BEGIN Records for this exercise
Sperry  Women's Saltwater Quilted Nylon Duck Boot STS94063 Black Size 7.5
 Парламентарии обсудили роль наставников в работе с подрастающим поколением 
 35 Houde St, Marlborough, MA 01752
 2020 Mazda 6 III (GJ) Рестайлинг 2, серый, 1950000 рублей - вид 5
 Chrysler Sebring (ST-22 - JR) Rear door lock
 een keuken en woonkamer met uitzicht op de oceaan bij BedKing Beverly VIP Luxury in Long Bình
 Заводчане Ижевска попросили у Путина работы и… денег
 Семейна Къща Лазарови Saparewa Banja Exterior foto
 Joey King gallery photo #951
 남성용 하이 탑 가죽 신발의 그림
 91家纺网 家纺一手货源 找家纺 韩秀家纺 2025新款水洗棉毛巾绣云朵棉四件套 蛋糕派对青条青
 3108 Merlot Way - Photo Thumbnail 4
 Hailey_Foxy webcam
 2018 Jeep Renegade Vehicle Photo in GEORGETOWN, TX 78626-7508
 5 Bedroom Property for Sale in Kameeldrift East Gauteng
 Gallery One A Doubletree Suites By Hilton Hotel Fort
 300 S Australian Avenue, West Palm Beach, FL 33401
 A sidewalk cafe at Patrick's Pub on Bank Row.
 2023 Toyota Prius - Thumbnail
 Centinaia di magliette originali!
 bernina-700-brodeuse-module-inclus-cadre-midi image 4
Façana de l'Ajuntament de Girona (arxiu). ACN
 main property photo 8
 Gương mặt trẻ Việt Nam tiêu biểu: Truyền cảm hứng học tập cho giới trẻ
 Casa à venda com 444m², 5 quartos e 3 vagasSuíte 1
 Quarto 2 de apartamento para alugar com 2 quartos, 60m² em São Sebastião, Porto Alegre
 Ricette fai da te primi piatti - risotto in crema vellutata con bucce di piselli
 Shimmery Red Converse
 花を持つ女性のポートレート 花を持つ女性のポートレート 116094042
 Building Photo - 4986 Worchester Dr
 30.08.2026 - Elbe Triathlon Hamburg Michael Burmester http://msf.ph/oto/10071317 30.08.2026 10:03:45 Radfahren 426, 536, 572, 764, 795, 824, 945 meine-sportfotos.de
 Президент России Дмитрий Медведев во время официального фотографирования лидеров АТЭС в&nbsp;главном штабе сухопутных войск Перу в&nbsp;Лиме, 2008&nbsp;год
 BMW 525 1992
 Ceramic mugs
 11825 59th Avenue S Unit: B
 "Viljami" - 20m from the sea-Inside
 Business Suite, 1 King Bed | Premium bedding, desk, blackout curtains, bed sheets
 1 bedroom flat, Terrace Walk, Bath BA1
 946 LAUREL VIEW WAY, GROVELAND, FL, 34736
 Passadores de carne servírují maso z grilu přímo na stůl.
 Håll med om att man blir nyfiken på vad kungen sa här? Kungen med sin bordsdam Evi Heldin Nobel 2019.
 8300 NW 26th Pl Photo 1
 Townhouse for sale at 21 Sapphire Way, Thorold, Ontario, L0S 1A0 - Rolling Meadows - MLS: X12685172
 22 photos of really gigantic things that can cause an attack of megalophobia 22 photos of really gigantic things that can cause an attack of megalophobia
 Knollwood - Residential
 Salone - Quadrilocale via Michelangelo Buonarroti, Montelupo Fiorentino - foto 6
END Records for this exercise
Using the entries above, extract exactly the span from the line with "A sidewalk cafe" to the line with "8300 NW 26th Pl Photo 1", both lines included; leave out everything else.

Solution:
 A sidewalk cafe at Patrick's Pub on Bank Row.
 2023 Toyota Prius - Thumbnail
 Centinaia di magliette originali!
 bernina-700-brodeuse-module-inclus-cadre-midi image 4
Façana de l'Ajuntament de Girona (arxiu). ACN
 main property photo 8
 Gương mặt trẻ Việt Nam tiêu biểu: Truyền cảm hứng học tập cho giới trẻ
 Casa à venda com 444m², 5 quartos e 3 vagasSuíte 1
 Quarto 2 de apartamento para alugar com 2 quartos, 60m² em São Sebastião, Porto Alegre
 Ricette fai da te primi piatti - risotto in crema vellutata con bucce di piselli
 Shimmery Red Converse
 花を持つ女性のポートレート 花を持つ女性のポートレート 116094042
 Building Photo - 4986 Worchester Dr
 30.08.2026 - Elbe Triathlon Hamburg Michael Burmester http://msf.ph/oto/10071317 30.08.2026 10:03:45 Radfahren 426, 536, 572, 764, 795, 824, 945 meine-sportfotos.de
 Президент России Дмитрий Медведев во время официального фотографирования лидеров АТЭС в&nbsp;главном штабе сухопутных войск Перу в&nbsp;Лиме, 2008&nbsp;год
 BMW 525 1992
 Ceramic mugs
 11825 59th Avenue S Unit: B
 "Viljami" - 20m from the sea-Inside
 Business Suite, 1 King Bed | Premium bedding, desk, blackout curtains, bed sheets
 1 bedroom flat, Terrace Walk, Bath BA1
 946 LAUREL VIEW WAY, GROVELAND, FL, 34736
 Passadores de carne servírují maso z grilu přímo na stůl.
 Håll med om att man blir nyfiken på vad kungen sa här? Kungen med sin bordsdam Evi Heldin Nobel 2019.
 8300 NW 26th Pl Photo 1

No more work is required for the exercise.